Should users trust bcachefs with their data? I think you probably can right now with decent safety, if you're using mainline kernels, but bcachefs is still pretty new. Not aware of anyone using it in production yet. It really could use a bit more time before recommending people jump over to it.

> I wouldn't trust btrfs for important data, and neither should you.

I stand by my statement: you should always ensure you have sufficient backups for important data, but most users should absolutely fear hardware failures more than btrfs bugs. Hardware failures are an if, not a when. Hardware will always fail eventually. Data-eating btrfs bugs have certainly existed, but it's not like they just appear left and right. When such a bug appears, it is often newsworthy, and usually has to do with some unforeseen case that you are not so likely to run into by accident.

Rather than lose data, btrfs is instead more likely to just piss you off by being weird. There are known quirks that probably won't lose you any data, but that are horribly annoying. It is still possible, to my knowledge, to get stuck in a state where the filesystem is too full to delete files and the only way out is in recovery. This is pretty stupid.

It's also not particularly fast, so if someone isn't looking for a feature-rich CoW filesystem with checksums, I strongly recommend just going with XFS instead. But if you run Linux and you do want that, btrfs is the only mainline game in town. ZFS is out-of-tree and holds back your kernel version, not to mention you can never really ship products using it (with Linux) because of silly licensing issues.

> If you experience data loss on a Synology box, the answer you'll get from them is "tough shit, hope you have backups, and here's a coupon for a new Synology unit."

That suggests that their brand image somewhat depends on the rarity of btrfs bugs in their implementation, but Synology has a somewhat good reputation actually. If anything really hurts their reputation, it's mainly the usual stuff (enshittification.) The fact that DSM defaults to using btrfs is one of the more boring things at this point.

[1]: https://git.kernel.org/pub/scm/linux/kernel/git/torvalds/lin...

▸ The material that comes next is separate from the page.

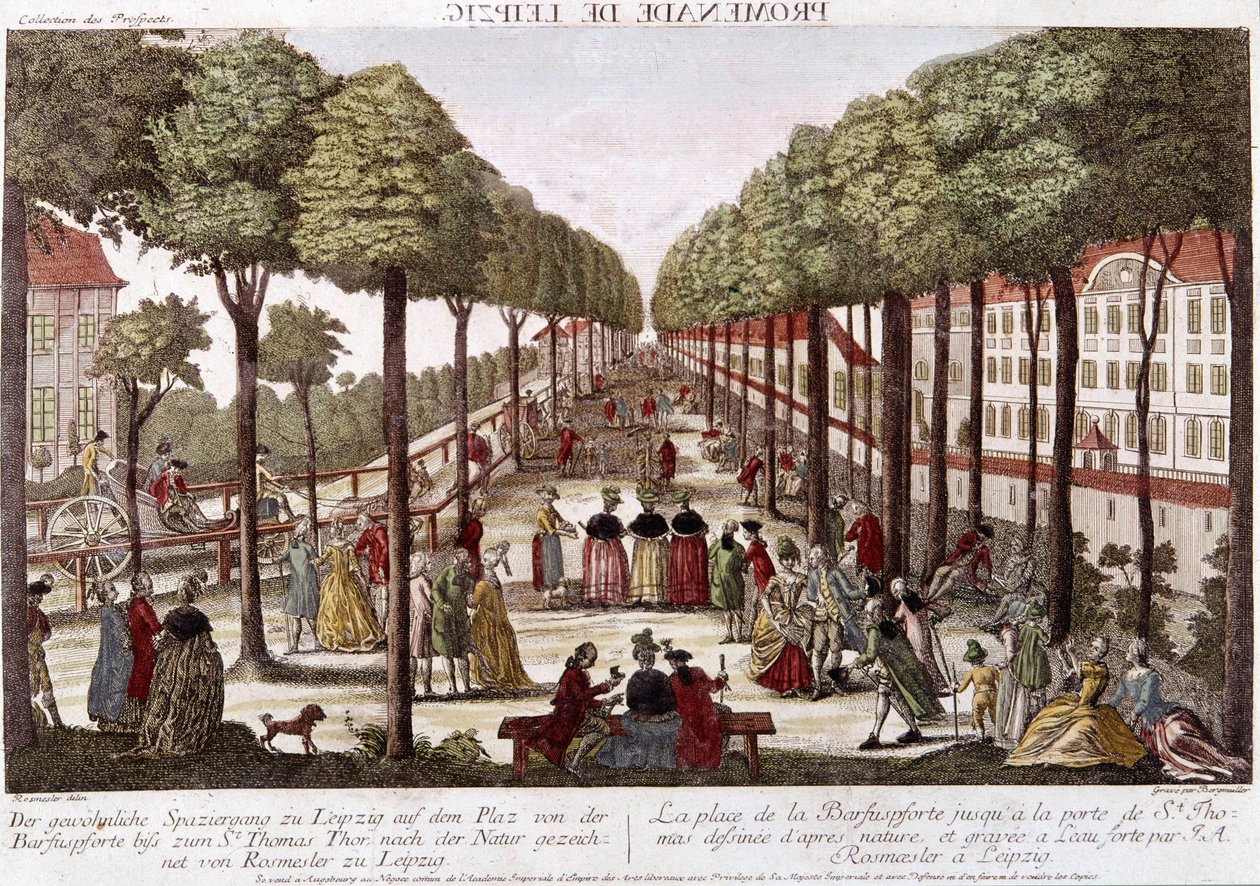 18. yüzyılın sonunda Leipzig gezinti yolu. Rosmesler & Bergmuller tarafından gravür. by Johann Georg Bergmuller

I agree with what you say, and I would never trust btrfs with my data because of issues that I've seen in the past, My last job I installed my Ubuntu desktop with btrfs and within three days it had been corrupted so badly because of a power outage that I had to completely wipe and reinstall the system.

That said:

> but cause the filesystem to panic with error messages for which there is no documentation and little clue what the problem is.

The one and only time I experimented with ZFS as a root filesystem I got bit in the ass because the zfs tools one day added a new feature flag to the filesystem that the boot loader (grub) didn't understand and therefore it refused to read the filesystem, even read-only. Real kick in the teeth, that one, especially since the feature flag was completely irrelevant to just reading enough of the filesystem for the boot loader to load the kernel and there was no way to override it without patching grub's zfs module on another system then porting it over.

Aside from that, ZFS has been fantastic, and now that we're all using UEFI and our kernels and initrds are on FAT32 filesystems I'm much less worried, but I'm still a bit gunshy. Not as much as with BTRFS, mind you, but somewhat.


I list data on btrfs on a raspberry pi with a slightly dodgy PSU.

We need more testing of filesystems and pulling the power.

I switched to a NAS with battery backup and it's been better.

So that was inconclusive, before that the last time I lost data like that was to Reiserfs in the early 2000s.


> Please go look up survivor bias. That's what all you btrfs fanboys don't seem to understand. It doesn't matter how well it has worked for 99.9% of you. Filesystems have to be the most reliable component in an operating system.

Not sure. It's useful if they are reliable, but they only need to be roughly as reliable as your storage media. If your storage media breaks down once in a thousand years (or once a year for a thousand disks), then it doesn't matter much if your filesystem breaks down once in a million years or once in a trillion years.

That being said, I had some trouble with BTRFS.


Meta (Facebook) has millions of instances of Btrfs in production. More than any other filesystem by far. A few years ago when Fedora desktop variants started using Btrfs by default, Meta’s experience showed it was no less reliable than ext4 or XFS.

I couldn't disagree more: I've worked with lots of embedded devices running systemd, and it solves many more problems than it introduces. The community is also quite responsive and helpful in my experience.

I won't pretend there aren't occasional weird problems... but there's always a solution, here's a recent example: https://github.com/systemd/systemd/issues/34683

Memory use is irrelevant to me: every embedded Linux device I've been paid to work on in the past five years had over 1GB of RAM. If I'm on a tiny machine where I care about 8MB RSS, I'm not running Linux, I'm running Zypher or FreeRTOS.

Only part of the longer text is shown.